What is needed → Retype the listing exactly. Leave out the images.

Dataset excerpt →
· · · ·
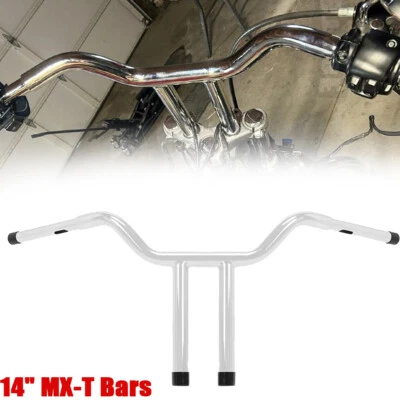 Manillar cromado de 14"" de elevación 1-1/4" apto para Harley Softail Dyna Road King Foto 1 de 4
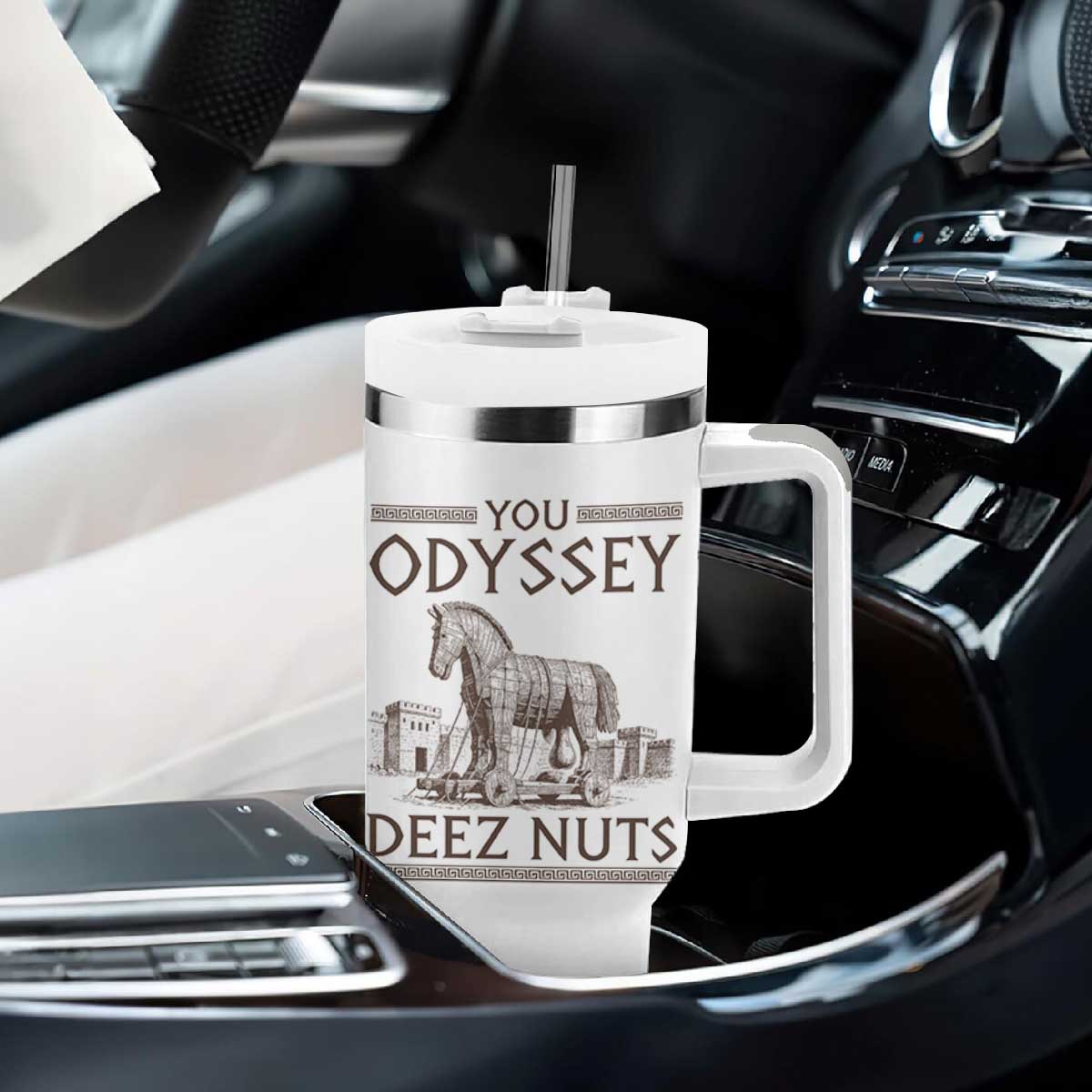 Funny Trojan Horse You Odyssey Deez Nuts Tumbler With Handle Offensive Adult Humor Greek Mythology Humor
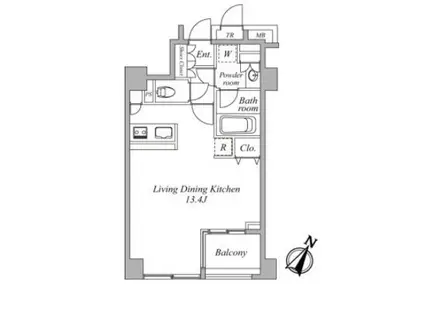 セントラルクリブ六本木(ワンルーム/6階)の間取り写真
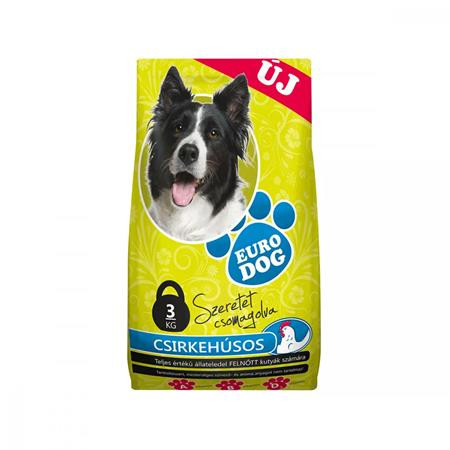 Kutyaeledel, száraztáp, 3 kg Eurodog, csirke (LAE009)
· · · ·
Answer for the task →
 Manillar cromado de 14"" de elevación 1-1/4" apto para Harley Softail Dyna Road King Foto 1 de 4
 Funny Trojan Horse You Odyssey Deez Nuts Tumbler With Handle Offensive Adult Humor Greek Mythology Humor
 セントラルクリブ六本木(ワンルーム/6階)の間取り写真
 Kutyaeledel, száraztáp, 3 kg Eurodog, csirke (LAE009)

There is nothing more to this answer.